_Extracted records_
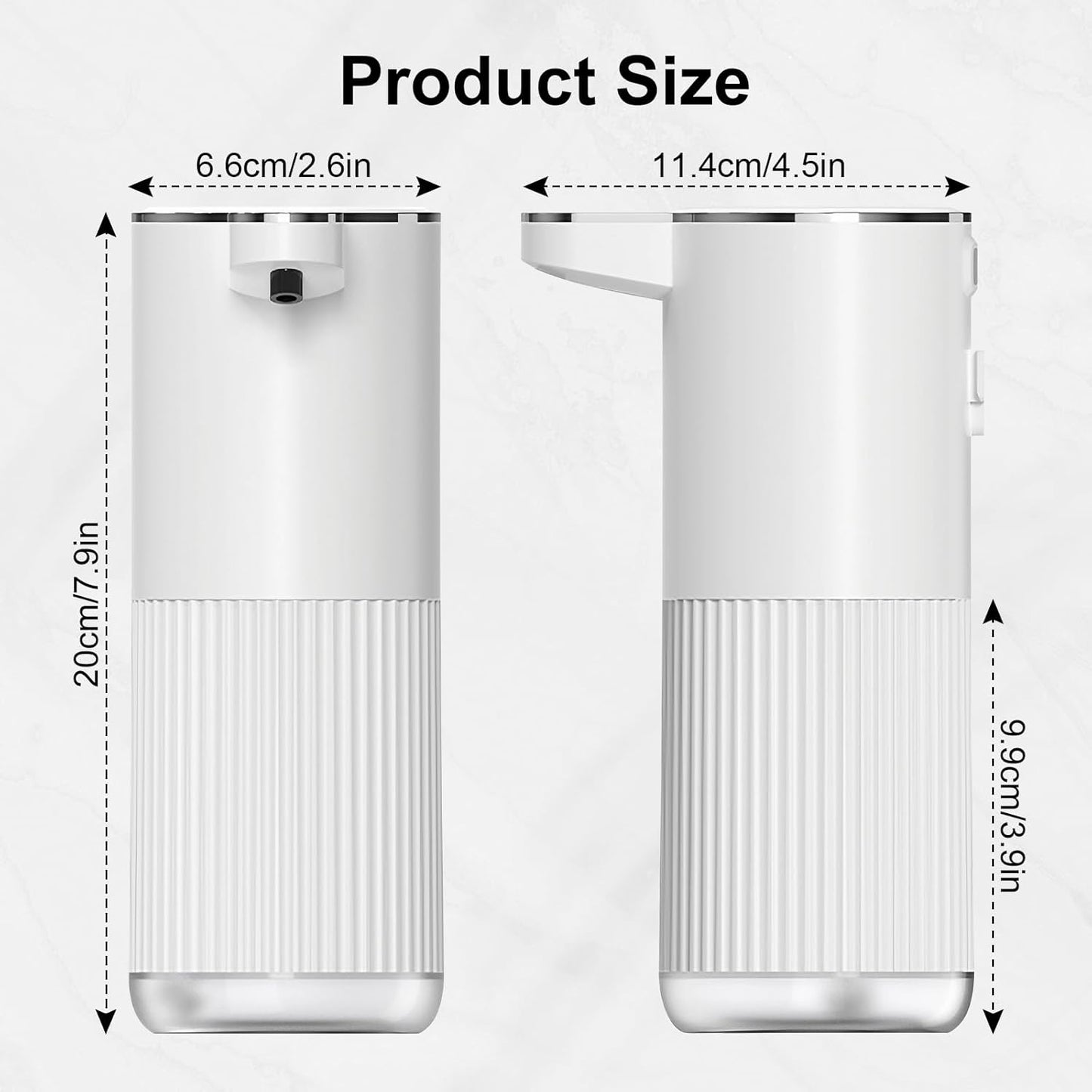GuDoQi Automatic Touchless Liquid Soap Dispenser, 4-Level Adjustable Foam, USB Rechargeable Hand Soap Dispenser for Bathroom, Kitchen Countertops, 12.2oz/360mL, Black
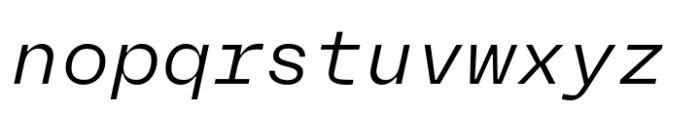 Neue Rational Mono Regular Italic Font LOWERCASE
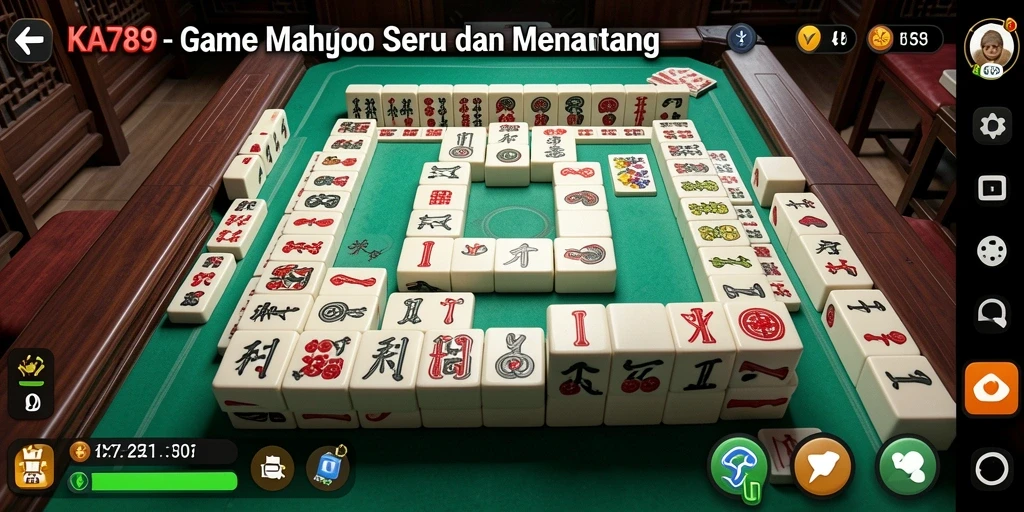 Tampilan gameplay seru dari KA789 dengan level Mahjong yang menantang.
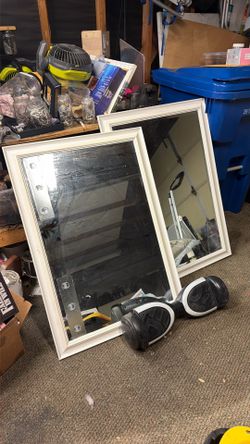 2- 4 Foot Tall White Mirrors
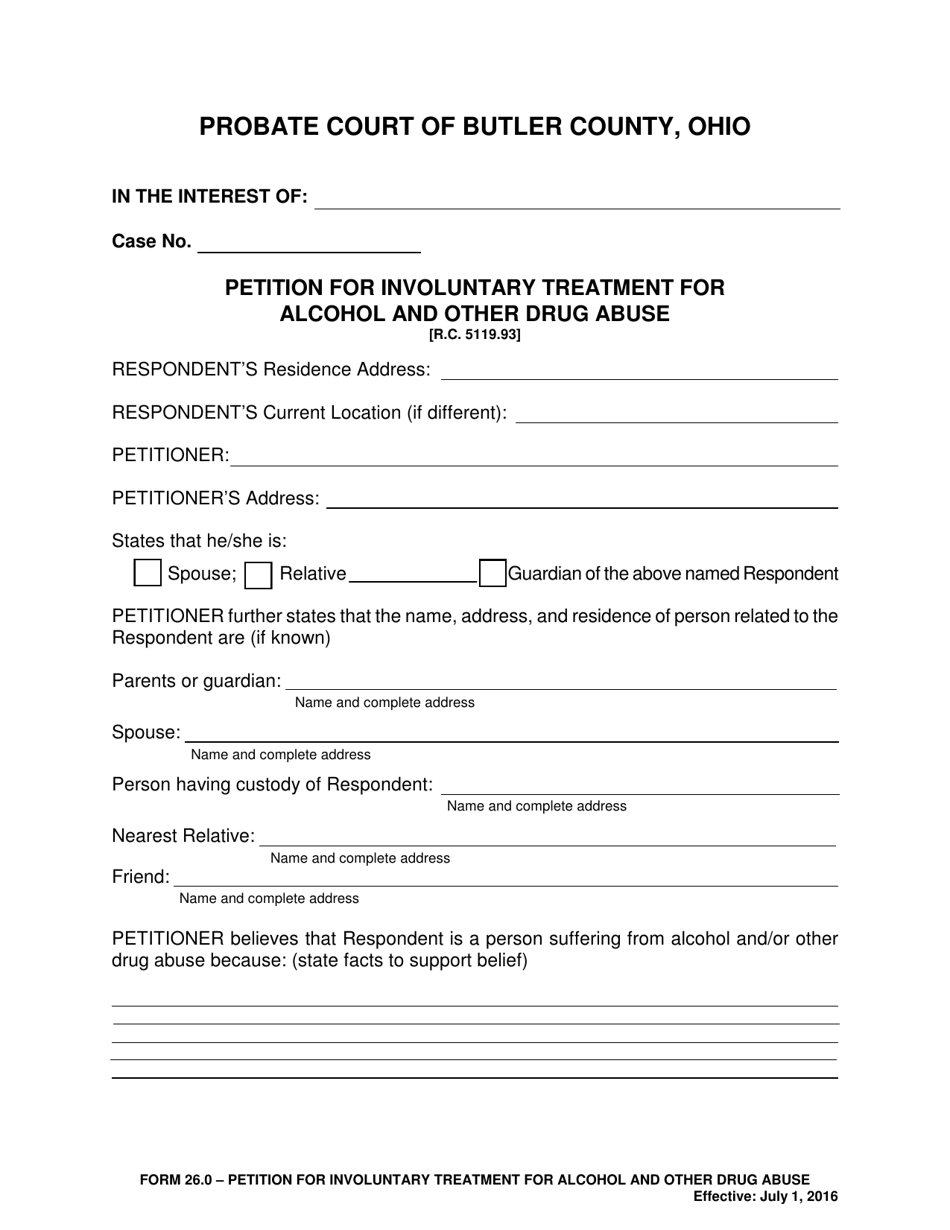 Form 26.0 Petition for Involuntary Treatment of Alcohol and Other Drug Abuse - Butler County, Ohio, Page 1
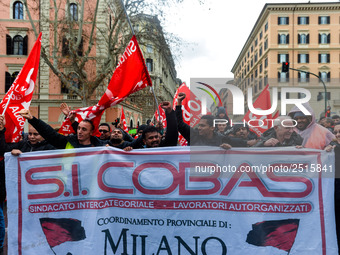 Logistic and transport workers from COBAS union organized a protest against the so-called "jobs-act" law in Rome, Italy on Saturday, Februar...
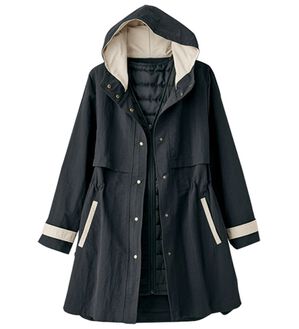 BELLUNA（ベルーナ）の「おしゃれの主役！蓄熱中わたベスト付配色コート（ハーフコート）」｜黒系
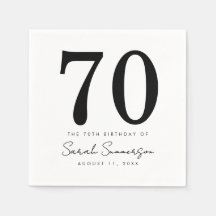 ブラック ホワイト 名前 日付 70歳の誕生日パーティー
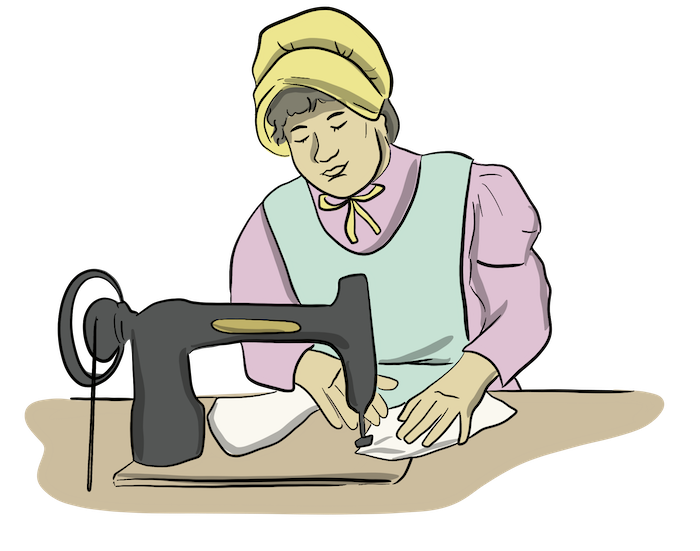 A woman is using a sewing machine to make clothing. 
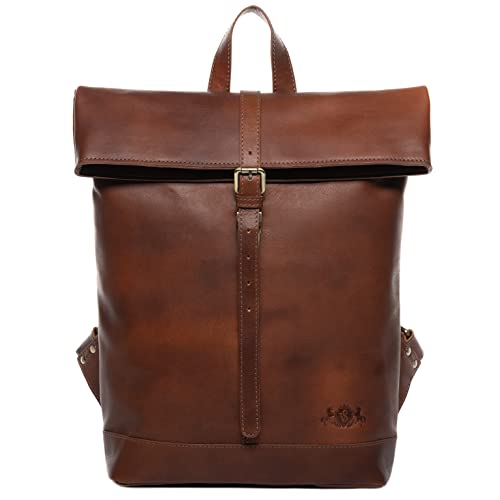 SID & VAIN Rolltop Rucksack Jay aus Vintage Leder I Lederrucksack für Herren und Damen 15.4 Zoll Laptop Laptop-Fach I Rucksack zum Rollen braun handgefertigt von SID & VAIN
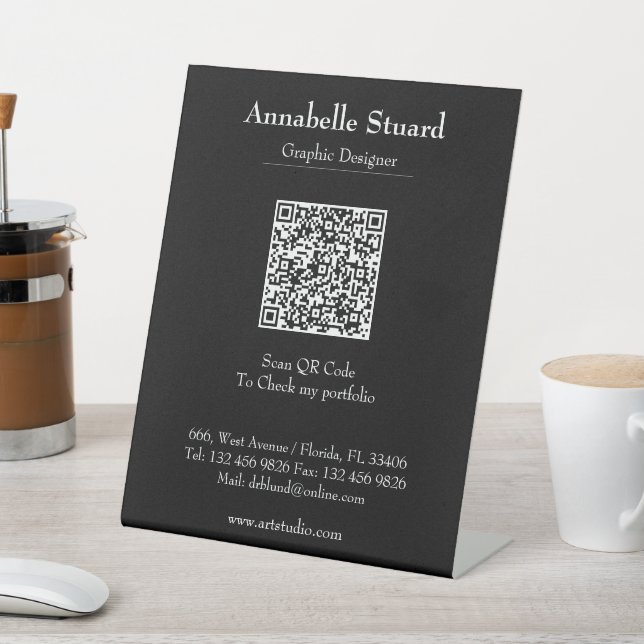 Black Professional Service Booking QR code Pedestal Sign (In SItu)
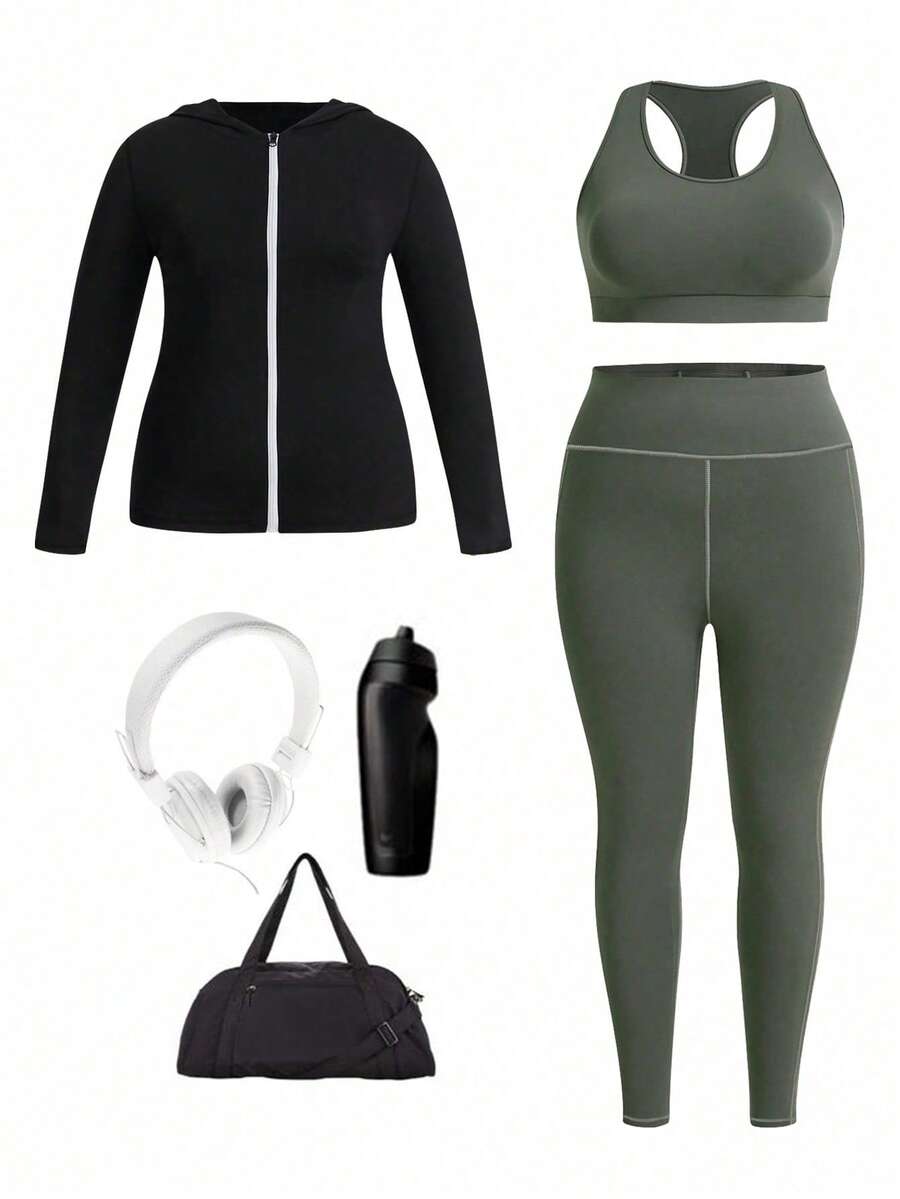 Easithlete Plus Size 1pc Hooded Sports Jacket & 1pc Sports Bra & Bra & 1pc Sports Leggings Workout Women Set - Multicolor - View 1
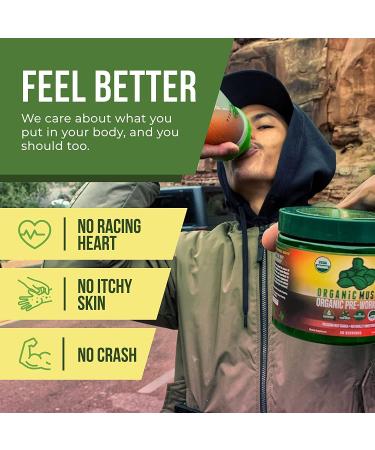 Organic Muscle Superfood Pre-Workout Powder - USDA Organic, Keto, Vegan, Non-GMO - Passionfruit Flavor for Energy, Focus, Performance & Endurance - 160g - Buy Online on GoSupps.com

_The task_
Retype only the lines that run from the first line of the entries above to the line containing "2- 4 Foot Tall White Mirrors", both included. Do not carry over any pictures.

_Task solution_
GuDoQi Automatic Touchless Liquid Soap Dispenser, 4-Level Adjustable Foam, USB Rechargeable Hand Soap Dispenser for Bathroom, Kitchen Countertops, 12.2oz/360mL, Black
 Neue Rational Mono Regular Italic Font LOWERCASE
 Tampilan gameplay seru dari KA789 dengan level Mahjong yang menantang.
 2- 4 Foot Tall White Mirrors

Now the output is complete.